0.22 horizontal
0.24 vertical
Iowa gets 0.22 and 0.24 in horizontal and vertical respectively. Same goes for Colorado, Bismarck , Soyuz and Yamato. You can find these in Gszabi’s GitHub repository.
I had thought of reporting dispersion by checking for historical documents, then reproducing those in WT, with one ship shooting another at a certain range, and a third player in a plane or helicopter above the target ship to record the dispersion sizes.
But I’m a bit sceptical as to whether the game’s dispersion sizes match documents to begin with. I know they’ve done some changes recently that may have used historical documentation.
That is to say, do we know if the in game dispersion values are accurate or do they tend to be more/less accurage than those IRL for gameplay reasons? I wouldn’t want for people to spend all that time to get a historical dispersion value that could be potentially be worse than what we have currently in case the typical dispersion values in game are smaller than IRL.

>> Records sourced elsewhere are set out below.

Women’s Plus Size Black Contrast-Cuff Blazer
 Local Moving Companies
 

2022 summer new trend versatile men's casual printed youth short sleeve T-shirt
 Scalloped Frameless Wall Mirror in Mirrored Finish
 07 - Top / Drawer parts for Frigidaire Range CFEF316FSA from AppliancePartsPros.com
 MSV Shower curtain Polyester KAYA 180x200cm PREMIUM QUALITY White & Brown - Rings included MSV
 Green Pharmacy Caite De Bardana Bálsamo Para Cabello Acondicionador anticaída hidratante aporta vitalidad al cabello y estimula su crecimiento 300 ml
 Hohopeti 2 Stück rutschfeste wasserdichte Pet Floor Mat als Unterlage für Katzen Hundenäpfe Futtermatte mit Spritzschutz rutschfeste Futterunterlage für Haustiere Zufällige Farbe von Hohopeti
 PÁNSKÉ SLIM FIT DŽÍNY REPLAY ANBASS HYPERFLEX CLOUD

Looking at the firing tables both the Italians and the british managed to tune down the dispersion around 180-200m at 20Km.
In game both Vanguard and Roma can straddle a 100m+ cruiser at 7Km.
1 shell out of 3 basically goes haywire. With Roma you can visually see it, with Vanguard you can really “feel” it as, in some salvos, only 1 or 2 shells land on target and it cause frustration.
Thank you, this confirm the theory that I had.
Really feels like someone took a random anti-propaganda pamphlet for these ships and took it for granted.
Iowa was really precise IRL due to the technological solution of its guns, but Roma and Vanguard managed to tighten up the dispersion a lot in time. The first solving the overspinning problem of its projectiles, the latter introducing the 1938LB Mk.XVII.
Let’s hope they’ll change these values to a more standard ones over time.
The IOWA shell was greatly weakened. It was supposed to penetrate most targets with a 35-degree heading Angle at a distance of 15 kilometers. But now the same thing can only be achieved at a distance of 6 kilometers.